Vergebens bemühen wir uns, die Sterbenden zu belauschen. So lange sie uns Auskunft geben könnten, ist auch ihnen der Tod noch das Verhüllte, das Unbekannte, vor dem die Seele unwillkürlich erschauert. Je näher sie ihm kommen, um so ferner werden sie uns; ihre Stimme würde uns nicht mehr erreichen, wollten sie im letzten Augenblick sich rückwärts wendend uns Bericht geben. Sie werden auch wohl so erfüllt sein von dem großen Ernste dieses Augenblickes, dass sie unsere Frage gar nicht hören, dass sie das Leben und seine Wünsche gar nicht mehr verstehen, nicht mehr sehen. Mitunter wird beobachtet, dass beim Sterben plötzlich eine Veränderung über die erstarrenden Züge geht, als ob sich etwas Ungeahntes entfalte vor der scheidenden Seele. Was ist es? Ein Staunen ---- ein Erschrecken ---- ein freudiges Aufleuchten? Hat der Sterbende etwas geschaut --- etwas gehört --- etwas empfunden --- eine erste Erfahrung gemacht, die schon von jenseits kommt? Wer will es deuten!
Nun liegt er da und hat die Lippen für immer geschlossen. Jetzt weiß er das große Rätsel und könnte Auskunft geben, aber er schweigt. Vergebens suchst du eine Antwort zu lesen in seinen starren Zügen, sie bleiben unbeweglich. Mag der Verstorbene dir ein treuer Freund gewesen sein, der kein Geheimnis vor dir hatte: das große Geheimnis des Sterbens verrät er dir nicht. Mag er dir ein Führer und Berater gewesen sein, der immer bereit war, dir die Wege zu weisen: über den dunkeln Weg, den er soeben gegangen ist, den auch du gehen musst, über den du so gern etwas wissen möchtest, über diesen Weg sagt er dir kein Wort.

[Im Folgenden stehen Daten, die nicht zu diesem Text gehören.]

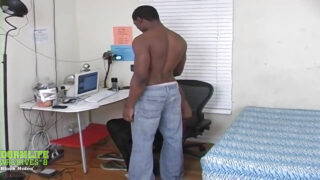 Oral seks, mastürbasyon, boşalma, siyah, korunmasız seks, seks, yalamak – genç eşcinsel fahişeler kendi popolarını sikiyor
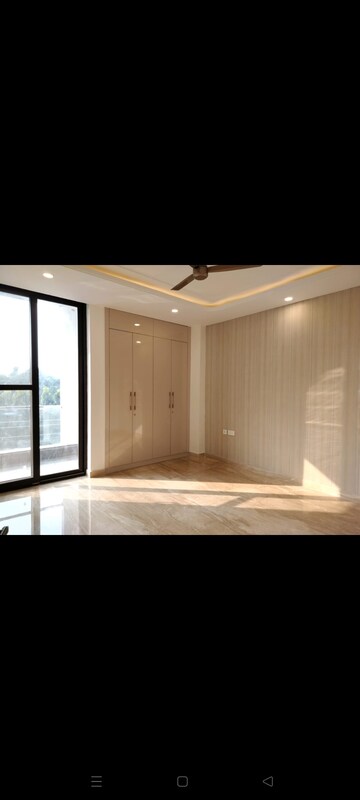 Bedroom in 3 BHK Apartment at Suncity Heights, Sector 54 – for Rent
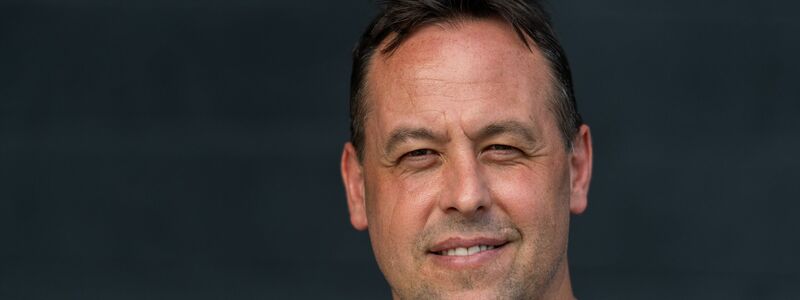 Mit Ex-Bundestrainer Marco Sturm gibt es erstmals einen deutschen NHL-Cheftrainer. - Foto: Maximilian Haupt/dpa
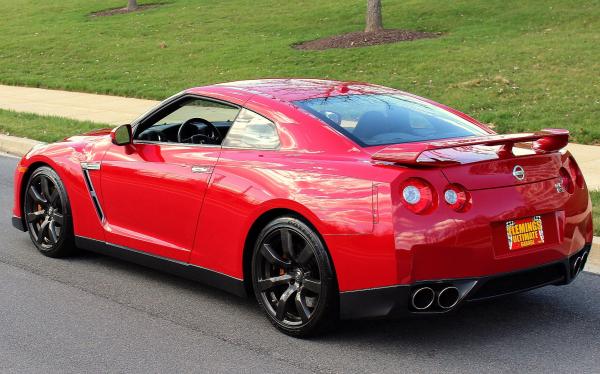 2010 Nissan GT-R Premium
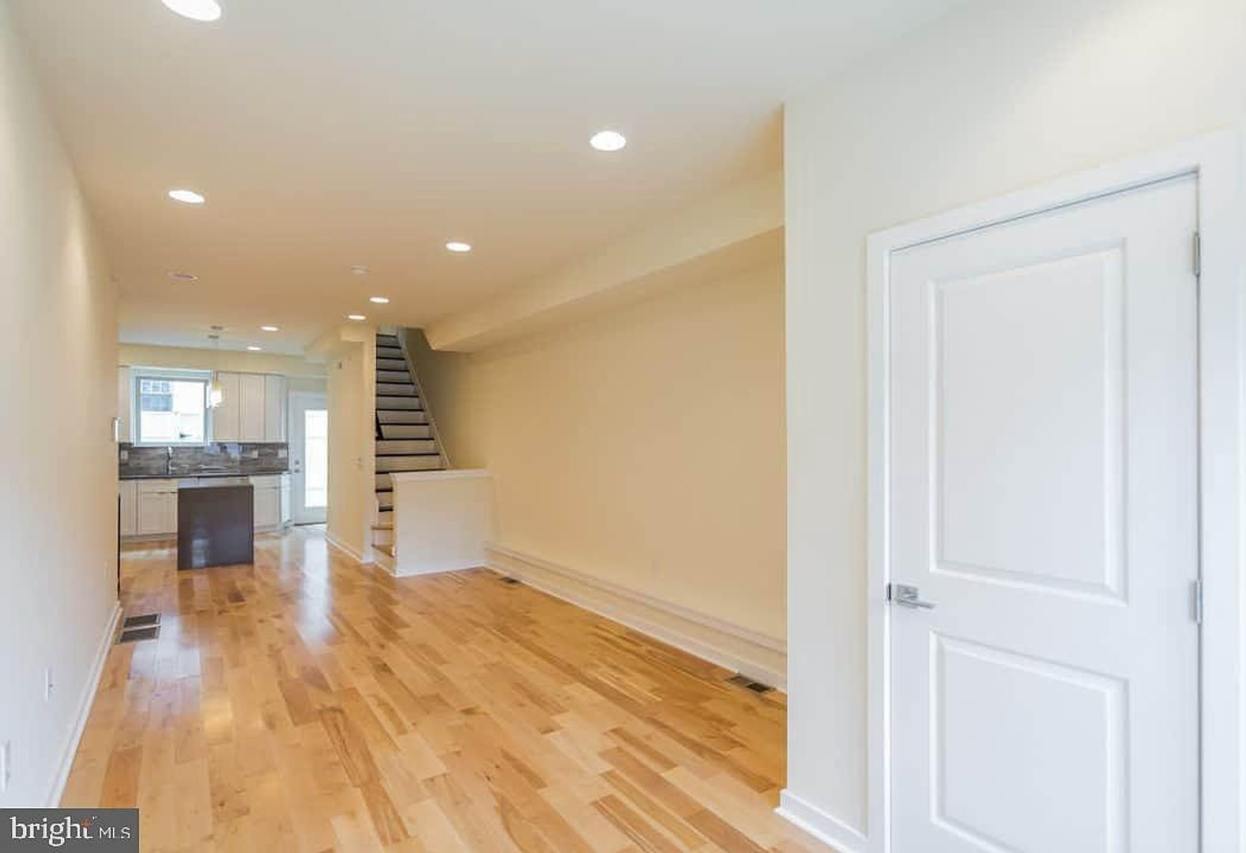 806 N Burns St, Philadelphia, PA 19130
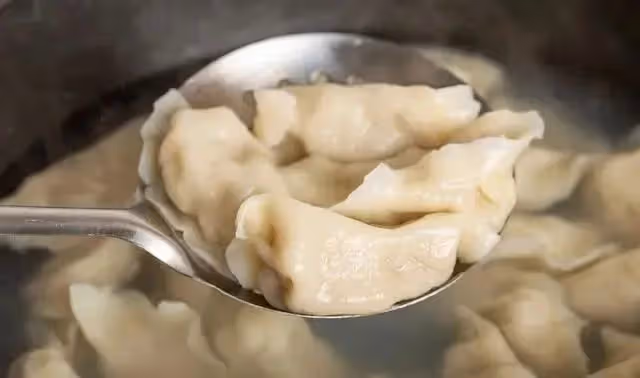 同樣是煮水餃，「蓋蓋煮」和「不蓋蓋煮」區別大，學會再煮不吃虧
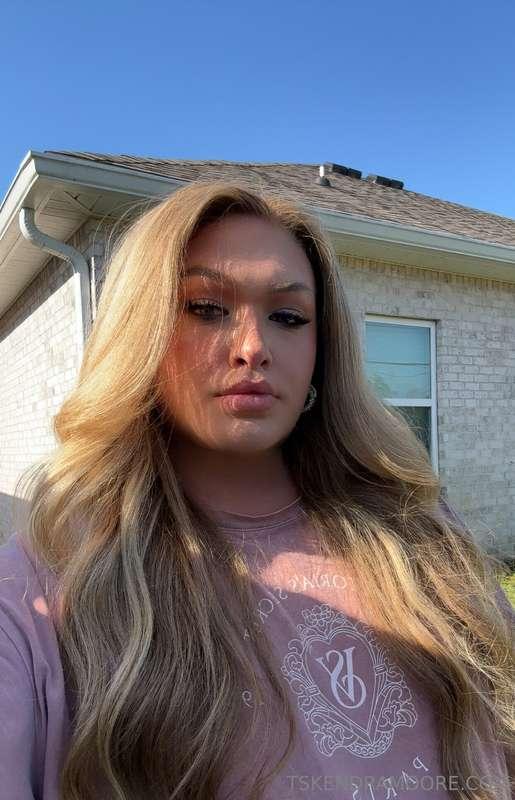 Come give your mommy a kiss 💋 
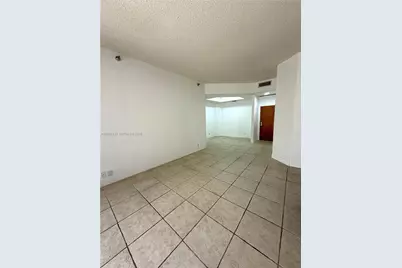 3640 Yacht Club Dr #104, Aventura, FL 33180 - Photo 6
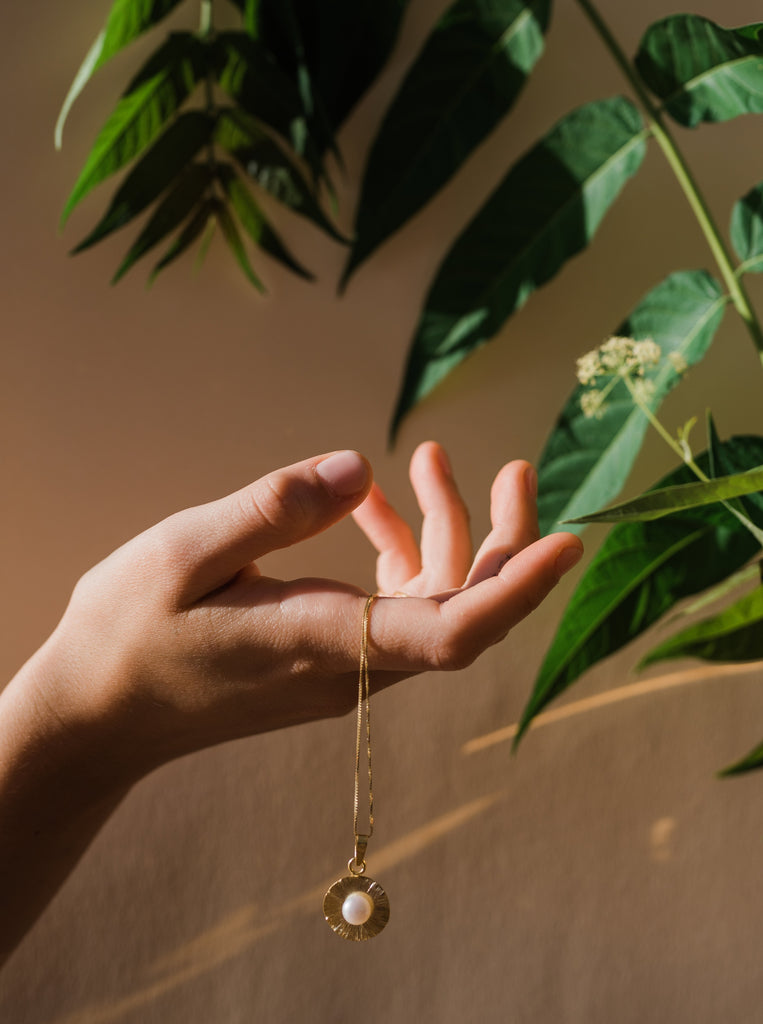 Daisy κολιέ Στρογγυλό Μαργαριτάρι Ασήμι 925 Χρυσό 24Κ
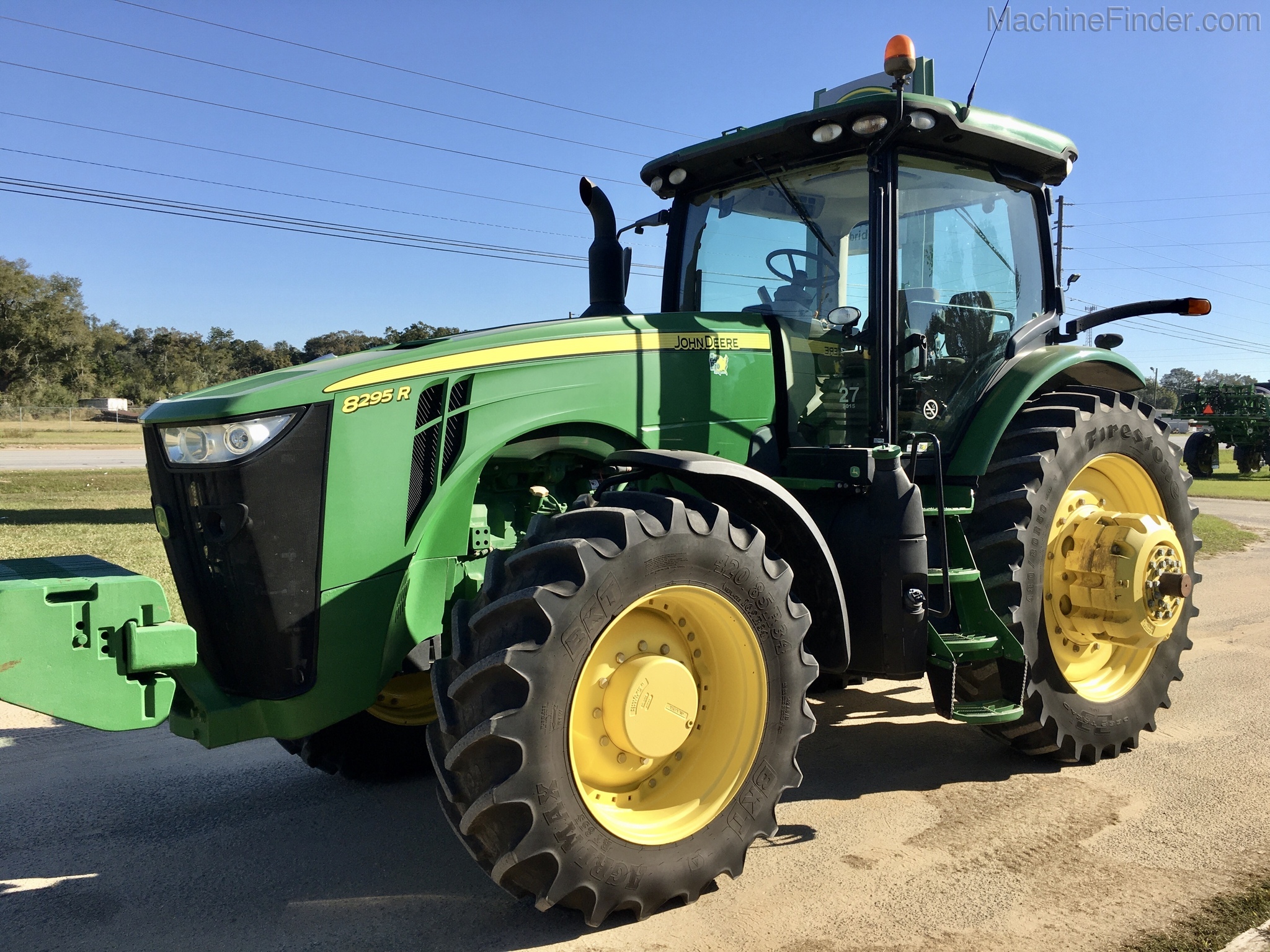 2015 John Deere 8295R Image 2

Nun setze dich hin und grüble nach, spanne alle deine Geisteskräfte an, um das Rätsel zu lösen; frage die tiefsten Ahnungen deiner Seele: wie wird mir sein im Sterben? ----- Die Antwort bleibt aus. Der Verhüllte lüftet die finstern Falten nicht. Du musst den Tod so nehmen, wie er für das Leben ist, ---- als das Fremde, das nie Erfahrene und nie Empfundene, als das große Unbekannte.